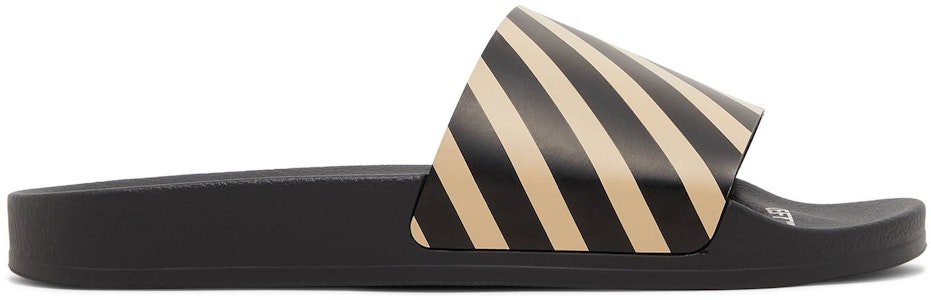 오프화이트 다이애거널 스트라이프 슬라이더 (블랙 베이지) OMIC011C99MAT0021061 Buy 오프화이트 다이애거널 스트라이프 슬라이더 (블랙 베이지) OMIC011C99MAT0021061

...

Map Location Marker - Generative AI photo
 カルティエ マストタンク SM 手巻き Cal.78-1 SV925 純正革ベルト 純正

---

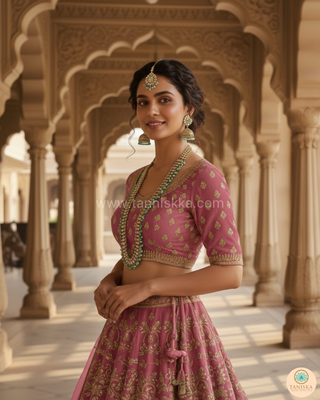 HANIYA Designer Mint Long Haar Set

*Exercise:* Look in the material above for the line with "Map Location Marker - Generative AI photo" and the line with "カルティエ マストタンク SM 手巻き Cal.78-1 SV925 純正革ベルト 純正", and transcribe exactly those lines and all lines between them, nothing more.

*Solution to this exercise:*
Map Location Marker - Generative AI photo
 カルティエ マストタンク SM 手巻き Cal.78-1 SV925 純正革ベルト 純正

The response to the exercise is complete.